It took months of hours-long meetings, and the filing of a lawsuit by the property owners, but the silver maple at 318 Country Club Drive in Rehoboth has been cut down. The city issued a permit to remove the tree April 30, and by the morning of May 2, the 56-inch caliper trunk was lying on the ground.
Felling of the tree is what should be the last episode of a nearly year-long saga. John and Winifred McKenna and Mary Ann Sartain requested permission to remove the tree last summer, but were denied by city Arborist Liz Lingo. That prompted them to file an appeal to the parks and shade tree commission.
In a report prepared for the shade tree commission’s hearing in October, Lingo estimated the tree to be approximately 150 years old with a 56-inch caliper, defined by city code as the diameter of a tree trunk measured one foot above the ground. During that hearing, evidence, in the form of a picture, was presented showing the tree was more recently planted. The property owners estimated it is 50 to 60 years old.
Ultimately, the shade tree commission voted to allow the property owners to cut down the tree, but pay a $3,500 fee in lieu of mitigation. Shortly afterward, Rehoboth property owners Julie Davis and John Metz filed an appeal of the shade tree commission’s decision. The appeal was co-signed by nearly 50 other property owners.
In December, Rehoboth commissioners held an appeal hearing and upheld the shade tree commission’s decision. In February, the commissioners confirmed the minutes and decision from the December meeting, as written by attorney Max Walton, who ran the appeal hearing. More recently, the McKennas and Sartain filed a lawsuit with Sussex County Superior Court in March arguing the fee in lieu of mitigation was an unlawful tax.

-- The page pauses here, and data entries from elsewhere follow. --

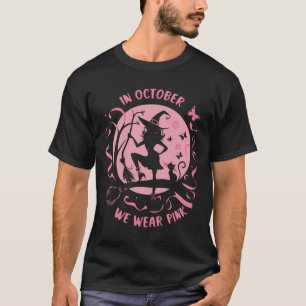 T-shirt En Octobre Nous Portons Pink Witch Halloween Poule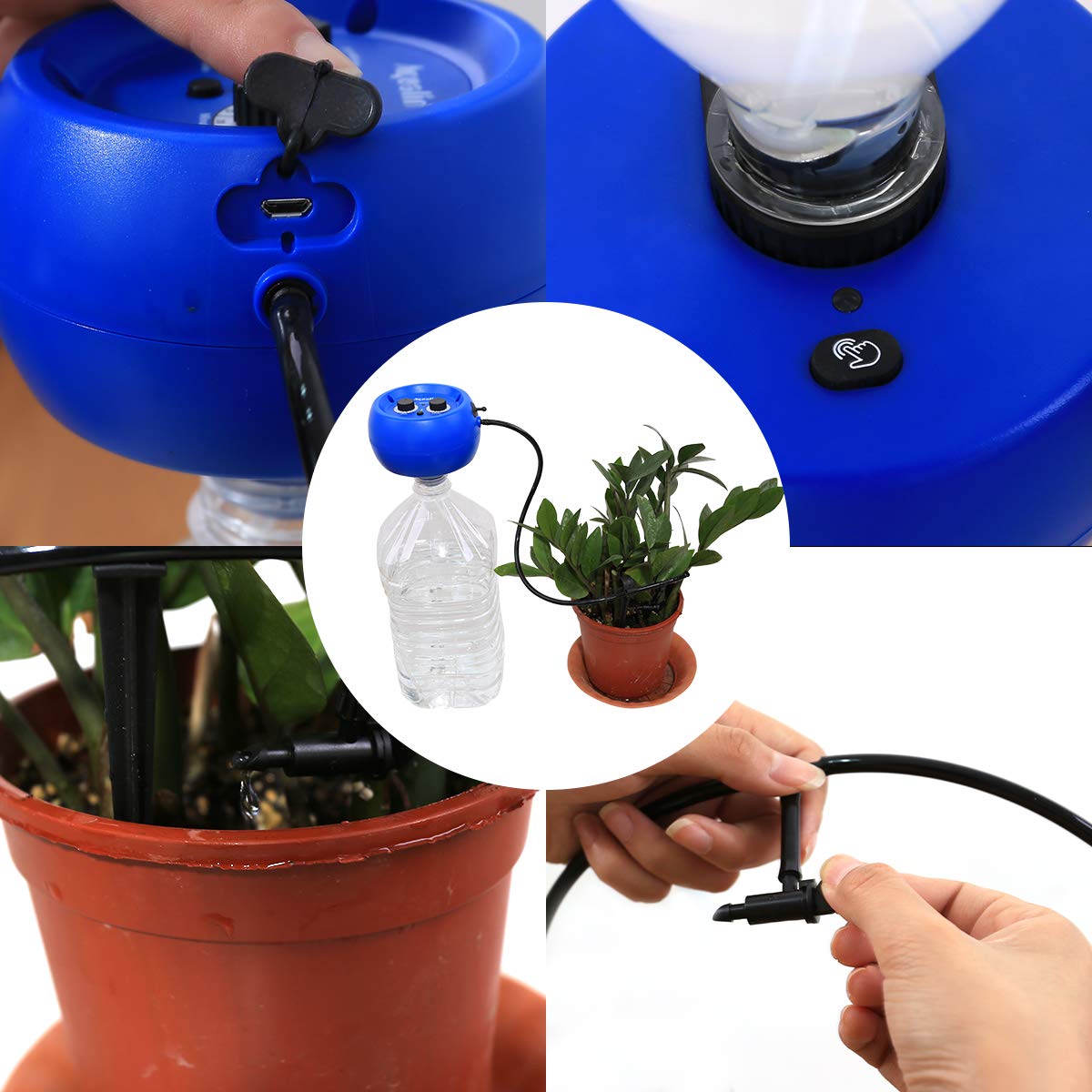 Aqualin Micro Drip Bewasserungssytem Tropfbewasserung Usb Wiederaufladbare Bewasserung Kit Garten Automatisch Bewasserung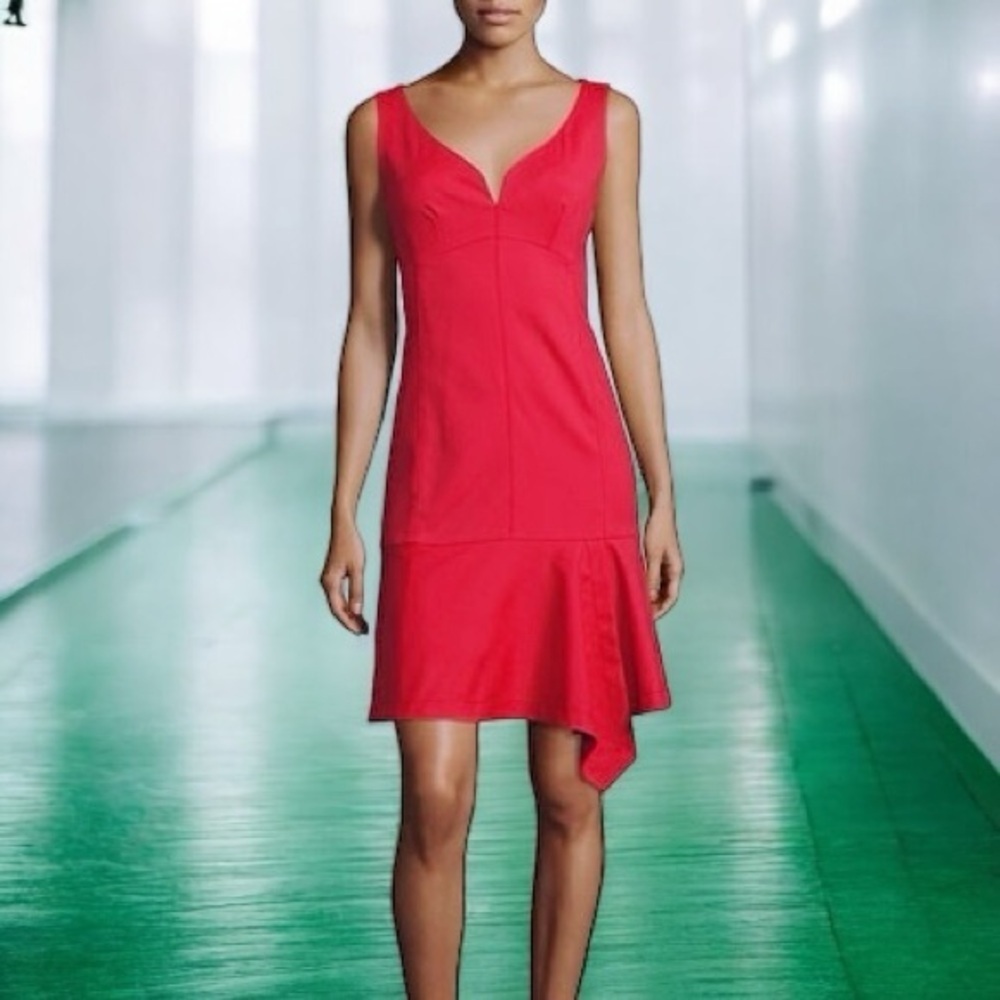 Nanette Lepore Poplin ‘Come Sail Away Dress’ with Flounce Hem in Red Size 0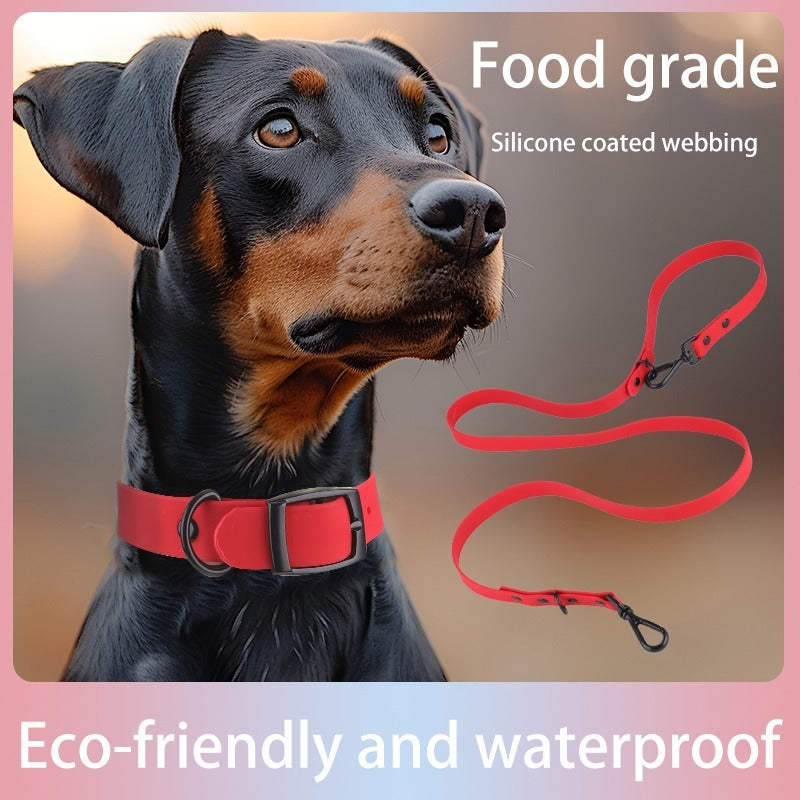 Waterproof Pet Silicone Collar & Leash Set – Easy-to-Clean, Adjustable for Small & Large Dogs, Ideal for Drinking & Feeding Areas COL 17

During a special meeting April 24, following an executive session with Walton, Rehoboth commissioners voted 5-1 in favor of settling with the Country Club Drive property owners by waiving the fee in lieu of mitigation. Commissioner Stan Mills recused himself and Commissioner Toni Sharp voted no.
The amount of $3,500 is grossly disproportionate to the city’s direct and indirect permitting costs, said John McKenna, in the suit. Additionally, he wrote, there is no direct relationship between the $3,500 fee charged and a service received by the property owners or a burden to which it contributes.
In an email May 1, Mayor Paul Kuhns said the commissioners agreed, that rather than take the issue of the fee in mitigation further through the courts at an enormous cost to the city’s citizens, the fee would be waived in the case. When asked if the city’s decision to waive this fee in lieu of mitigation would affect the city’s ability to enforce the fee in the future, Kuhns said the decision is relevant to this case only.